Given entries: Begin

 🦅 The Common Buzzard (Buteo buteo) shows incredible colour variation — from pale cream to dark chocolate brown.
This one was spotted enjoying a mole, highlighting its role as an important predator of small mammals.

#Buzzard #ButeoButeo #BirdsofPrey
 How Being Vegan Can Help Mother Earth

Given entries: End
Given entries: Begin

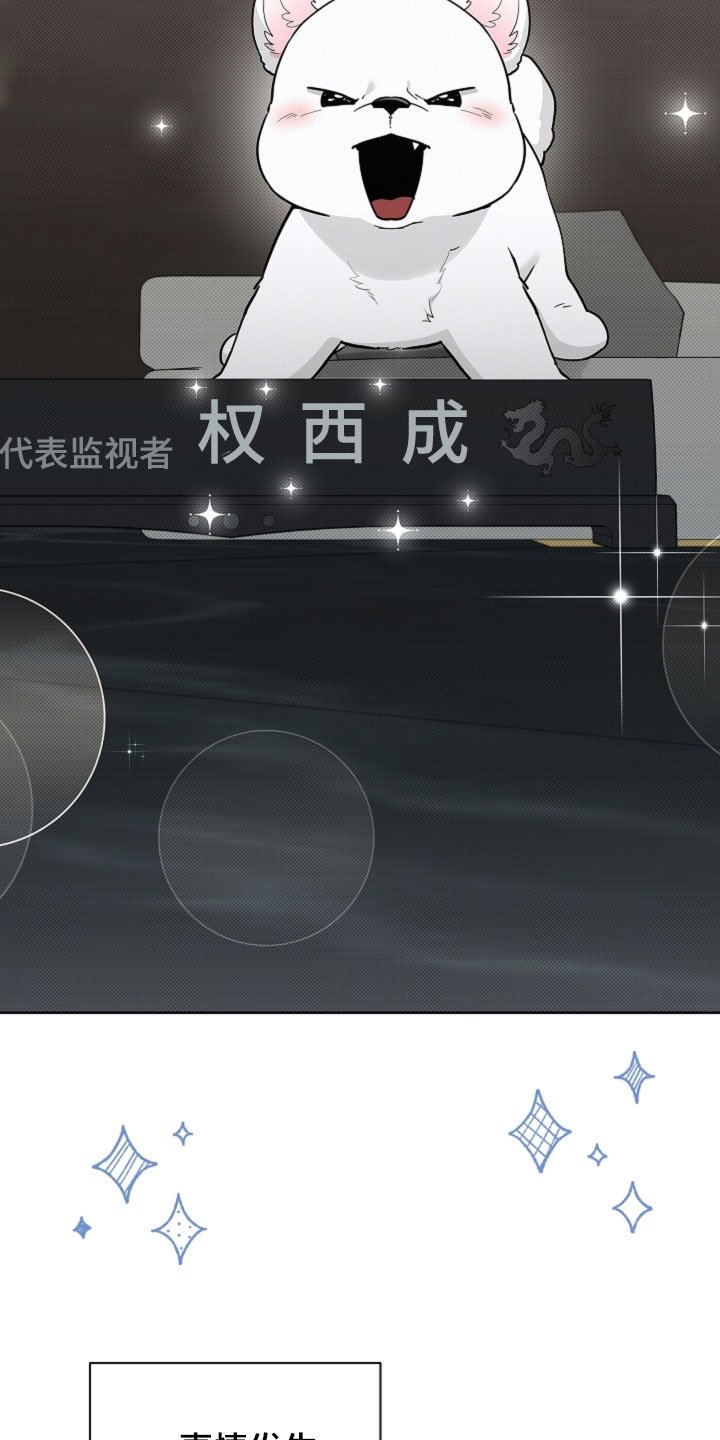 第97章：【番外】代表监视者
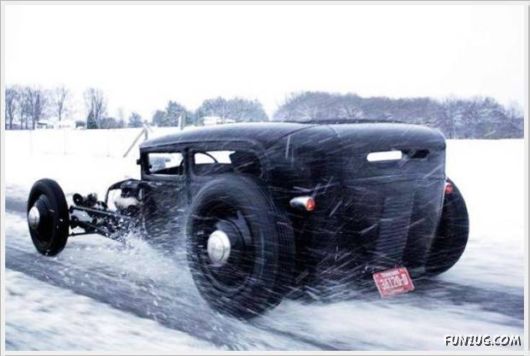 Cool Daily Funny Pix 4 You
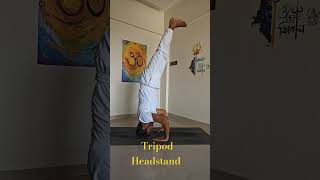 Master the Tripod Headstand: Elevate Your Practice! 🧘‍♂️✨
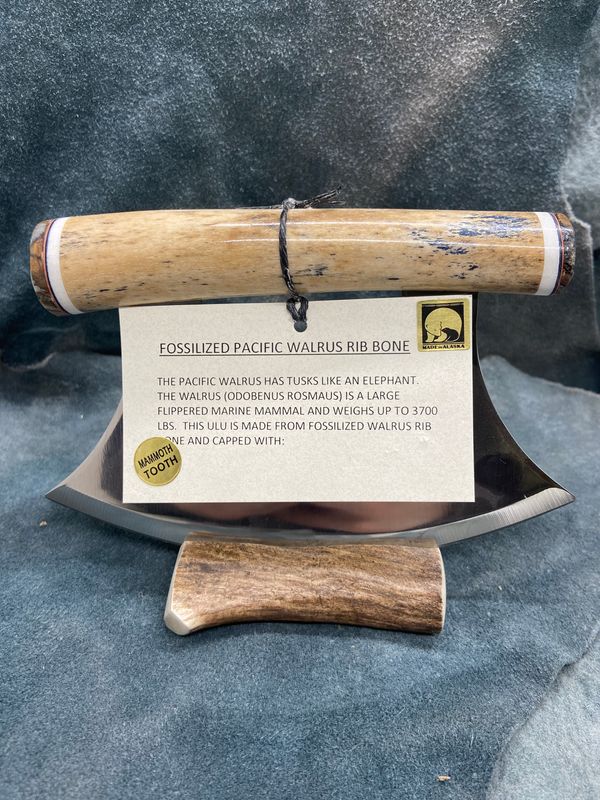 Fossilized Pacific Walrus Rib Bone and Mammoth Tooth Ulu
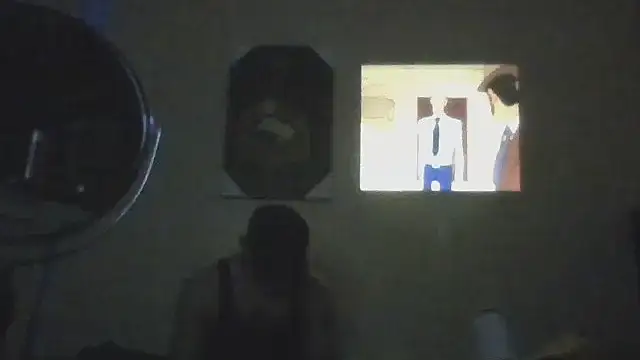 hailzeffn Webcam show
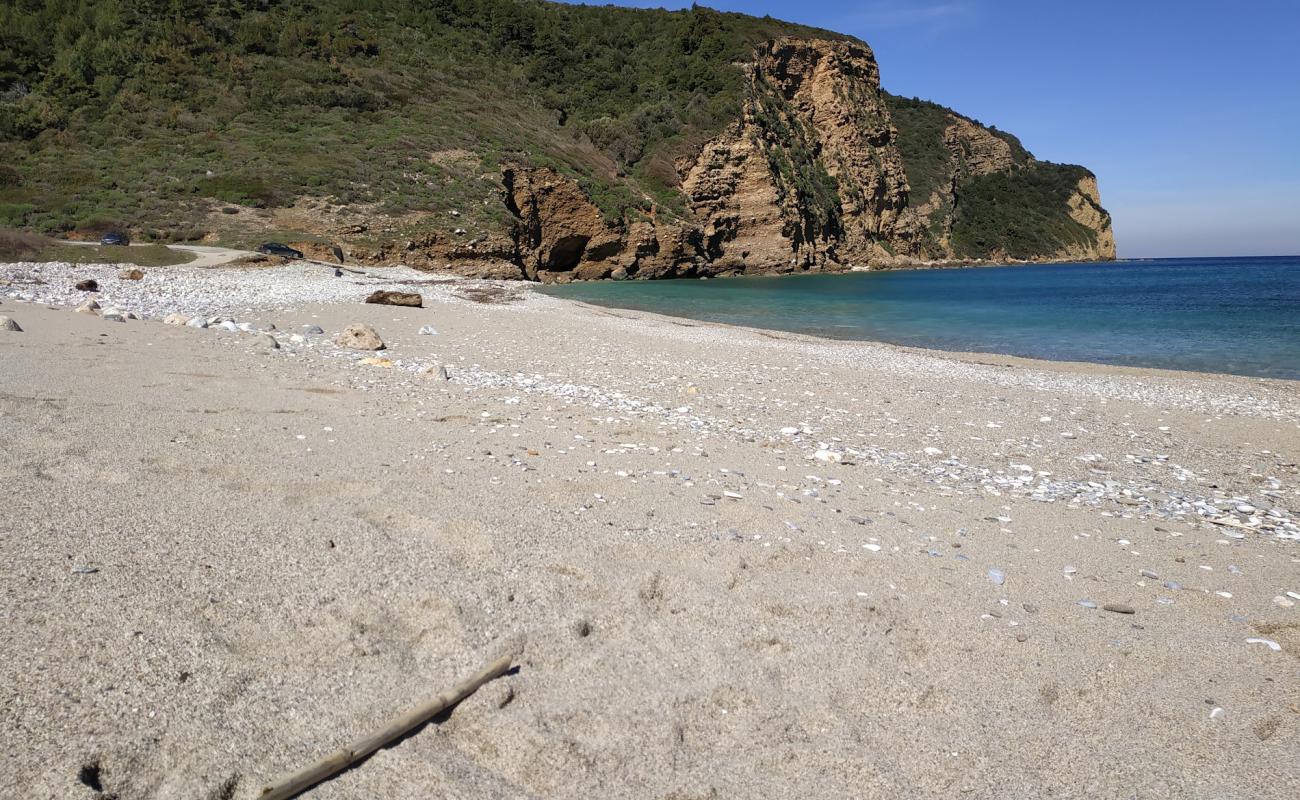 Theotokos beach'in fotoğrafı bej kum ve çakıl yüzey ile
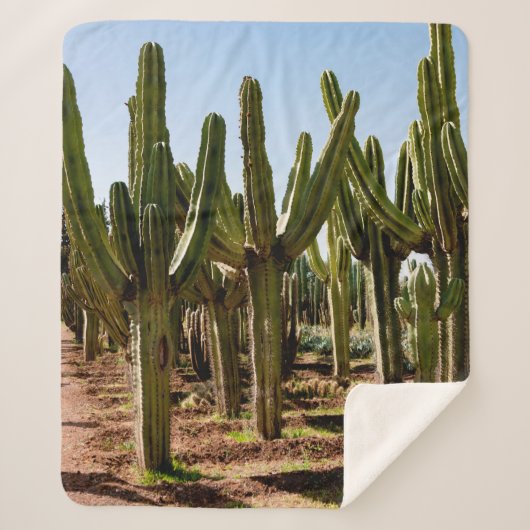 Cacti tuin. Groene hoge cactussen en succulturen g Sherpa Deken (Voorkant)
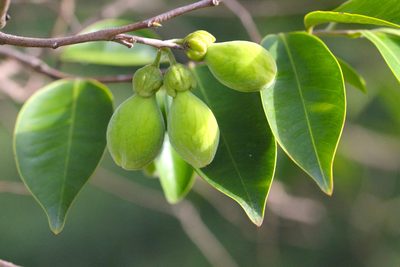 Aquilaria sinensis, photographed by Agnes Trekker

Given entries: End

# [Problem details]
Give back precisely the lines above that start at the line containing "dark chocolate brown." and end at the line containing "How Being Vegan Can Help Mother Earth", inclusive. No other lines belong in the output.

# [Exercise response]
 🦅 The Common Buzzard (Buteo buteo) shows incredible colour variation — from pale cream to dark chocolate brown.
This one was spotted enjoying a mole, highlighting its role as an important predator of small mammals.

#Buzzard #ButeoButeo #BirdsofPrey
 How Being Vegan Can Help Mother Earth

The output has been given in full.